- First tankōbon volume cover

はやくしたいふたり (Hayaku Shitai Futari)
- Genre: Romantic comedy
- Written by: Aki Kusaka
- Published by: Shueisha
- English publisher: NA: Viz Media;
- Imprint: Margaret Comics
- Magazine: Margaret
- Original run: May 20, 2020 – November 18, 2022
- Volumes: 9

= Let's Do It Already! =

Japanese manga series

Let's Do It Already! (はやくしたいふたり, Hayaku Shitai Futari) is a Japanese manga series written and illustrated by Aki Kusaka. It was serialized in Shueisha's shōjo manga magazine Margaret from May 2020 to November 2022.

==Synopsis==
Yuri Hasagawa and Keiichiro Katsuragi met on their daily walks to school, and eventually Yuri confesses her feelings, which Keiichiro reciprocates. However, when she tried to take their relationship further, Keiichiro resists as he is the heir to a prominent political family where physical relationships under the age of 18 are taboo, and he intends to uphold it. He therefore keeps Yuri at arm's length, much to his chagrin. Even though Keiichiro promises to be open to anything when he's a little older, the situation weighs heavily on Yuri, after all, her female classmates have already had sex.

==Publication==
Written and illustrated by Aki Kusaka, Let's Do It Already! was serialized in Shueisha's shōjo manga magazine Margaret from May 20, 2020, to November 18, 2022. Its chapters were collected into nine tankōbon volumes released from September 25, 2020, to December 23, 2022.

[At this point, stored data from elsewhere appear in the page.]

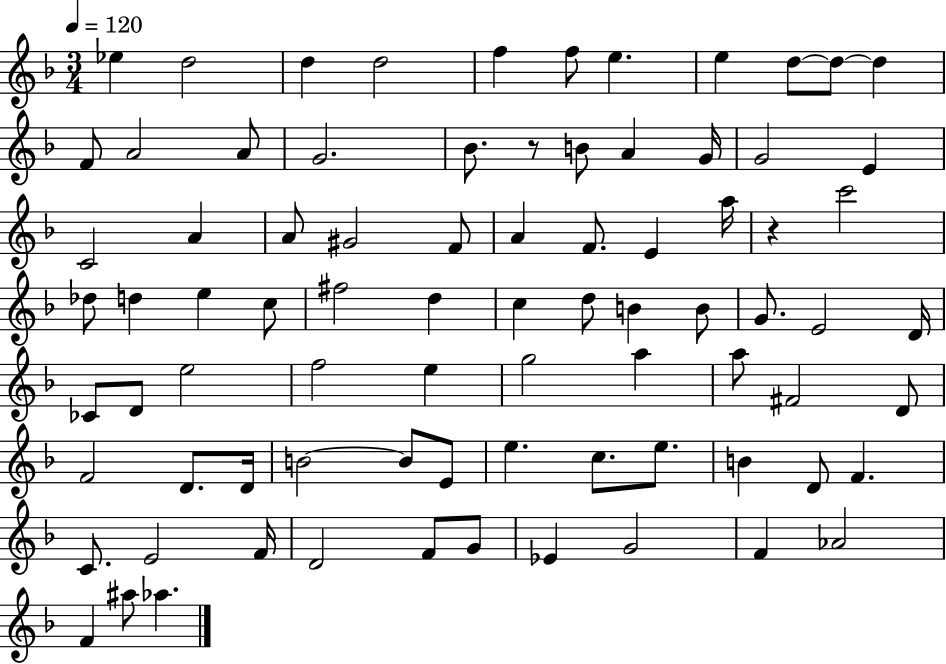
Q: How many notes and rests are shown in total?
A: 81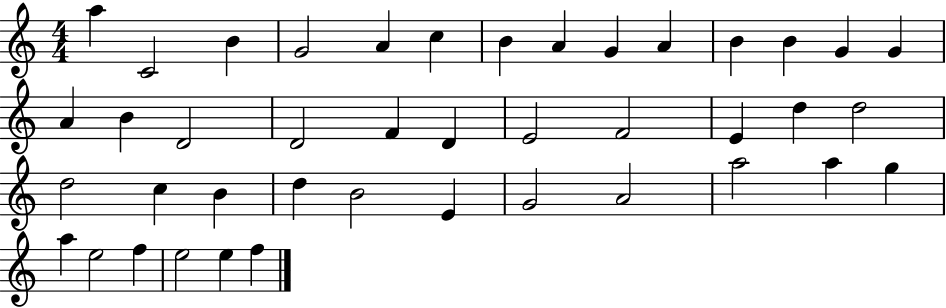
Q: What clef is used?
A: treble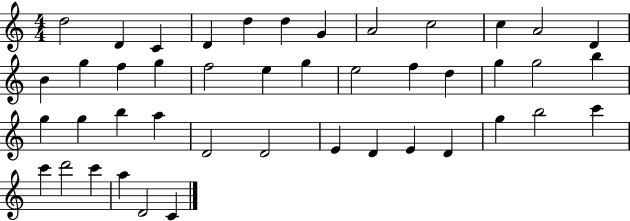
{
  \clef treble
  \numericTimeSignature
  \time 4/4
  \key c \major
  d''2 d'4 c'4 | d'4 d''4 d''4 g'4 | a'2 c''2 | c''4 a'2 d'4 | \break b'4 g''4 f''4 g''4 | f''2 e''4 g''4 | e''2 f''4 d''4 | g''4 g''2 b''4 | \break g''4 g''4 b''4 a''4 | d'2 d'2 | e'4 d'4 e'4 d'4 | g''4 b''2 c'''4 | \break c'''4 d'''2 c'''4 | a''4 d'2 c'4 | \bar "|."
}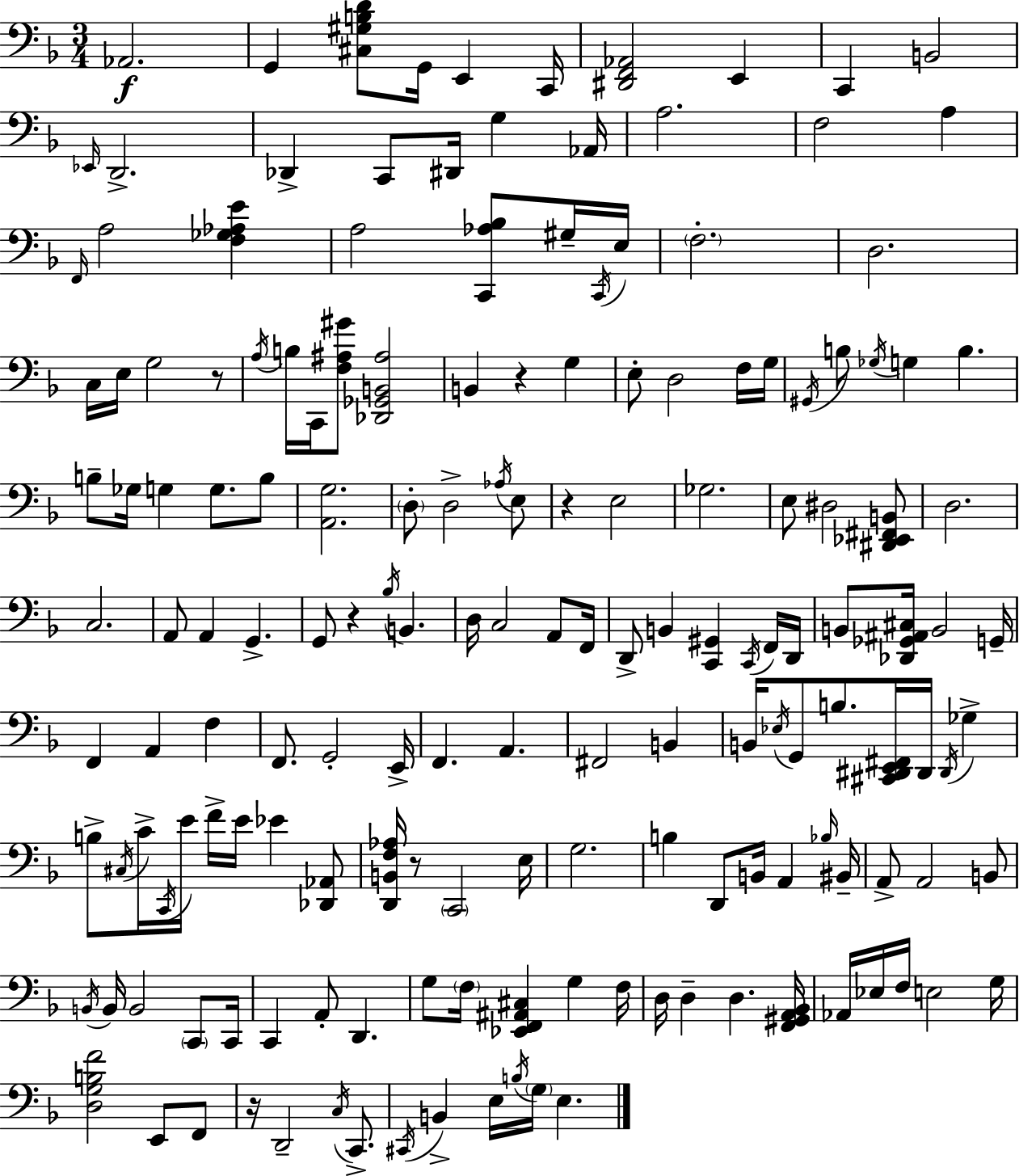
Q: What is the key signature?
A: D minor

During their panel at New York Comic Con 2023, Viz Media announced that they had licensed the series for English publication.

| No. | Original release date | Original ISBN | North American release date | North American ISBN |
| 1 | September 25, 2020 | 978-4-08-844411-6 | June 4, 2024 | 978-1-9747-4690-3 |
| Chapters 1–6; |
| 2 | December 24, 2020 | 978-4-08-844419-2 | September 3, 2024 | 978-1-9747-4881-5 |
| Chapters 7–12; |
| 3 | March 25, 2021 | 978-4-08-844443-7 | December 3, 2024 | 978-1-9747-4949-2 |
| Chapters 13–18; | Bonus; |
| 4 | July 21, 2021 | 978-4-08-844511-3 | March 4, 2025 | 978-1-9747-5220-1 |
| Chapters 19–24; |
| 5 | October 25, 2021 | 978-4-08-844535-9 | June 3, 2025 | 978-1-9747-5570-7 |
| Chapters 25–30; |
| 6 | January 25, 2022 | 978-4-08-844587-8 | September 2, 2025 | 978-1-9747-5806-7 |
| Chapters 31–36; |
| 7 | April 25, 2022 | 978-4-08-844594-6 | December 2, 2025 | 978-1-9747-5807-4 |
| Chapters 37–42; |
| 8 | August 25, 2022 | 978-4-08-844672-1 | March 3, 2026 | 978-1-9747-6218-7 |
| Chapters 43–48; |
| 9 | December 23, 2022 | 978-4-08-844717-9 | June 2, 2026 | 978-1-9747-6402-0 |
| Chapters 49–54; | Let's Do It Already! Counseling Room; |

==Reception==
In a review for Anime News Network, Rebecca Silverman graded the first volume an overall grade of "B". She praised the story and Kusaka's improvement as a creator, but criticized Yuri's character as a "little too ditzy".